Although the change has added some weight to the Leap engine, the bigger fan increases bypass ratio from 10:1 to 11:1, bringing a corresponding 2 percent reduction in fuel burn. Both engines now offer a 15-percent improvement in fuel burn over existing A320 powerplants, enabling Airbus to offer them with fuel-burn parity.

“Customers are putting reliability at entry into service as their highest priority,” said Savin. He insisted the Leap-X, although a new engine, benefits from mature technologies developed in the GE90 and GEnx programs. “We’ll also have 800 million hours of highly reliable CFM experience by service entry,” he said.

On the question of what Boeing will do to compete with the A320neo, Chahrour said CFM is in constant discussions with the airframer. “We have a new engine if they want to go with a new aircraft, and we can re-engine the existing 737. Boeing knows it will eventually have to come out with a new aircraft, probably by 2019. We want to do whatever is right for them.”

If Boeing elects to re-engine the 737, CFM could either offer a smaller version of the Leap-X or apply Leap-X technology to the existing CFM56-7BE, the latest development of the engine now powering the 737, due for entry into service this month.
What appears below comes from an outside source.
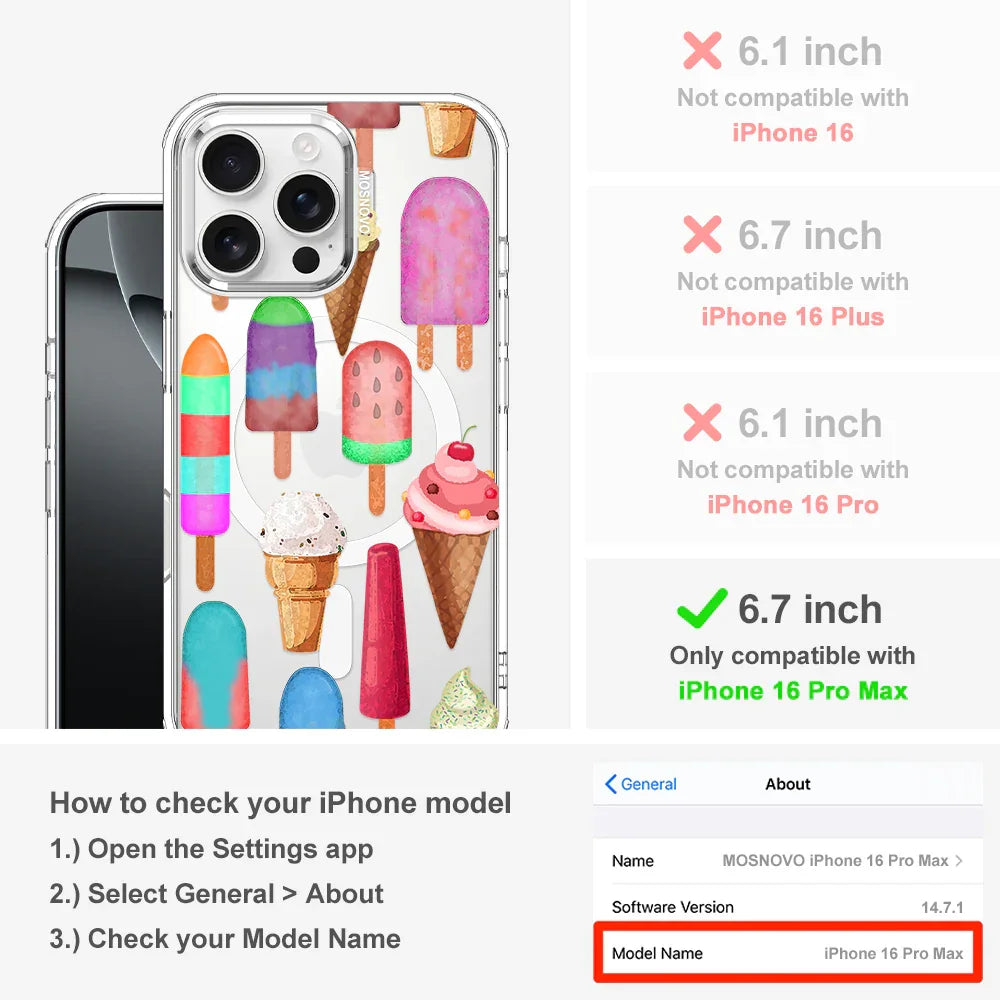 Ice Cream Phone Case - iPhone 16 Pro Max Case Clear With MagSafe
Despite the global recession, CFM president and CEO Jean-Paul Ebanga predicted that the global single-aisle fleet will double by 2030, to 23,550 aircraft, equivalent to $400 billion worth of engine business. The manufacturer currently holds a backlog of around 5,600 engines and this year has sold 680 engines worth $6.8 billion.

Ebanga said that even in a year of “headwinds” caused by the rise in oil prices, the tsunami in Japan and Middle East unrest, demand remains strong. “The next 20 years look very positive,” he added.

The Leap-X program is ahead of schedule with testing of the second development core having begun in May, a month earlier than scheduled. “So far we’ve had outstanding results,” Savin said.

Testing of the third and final versions is planned to begin in early 2013, with the first engine test later in the year. Certification is set for 2015 and service entry a year later.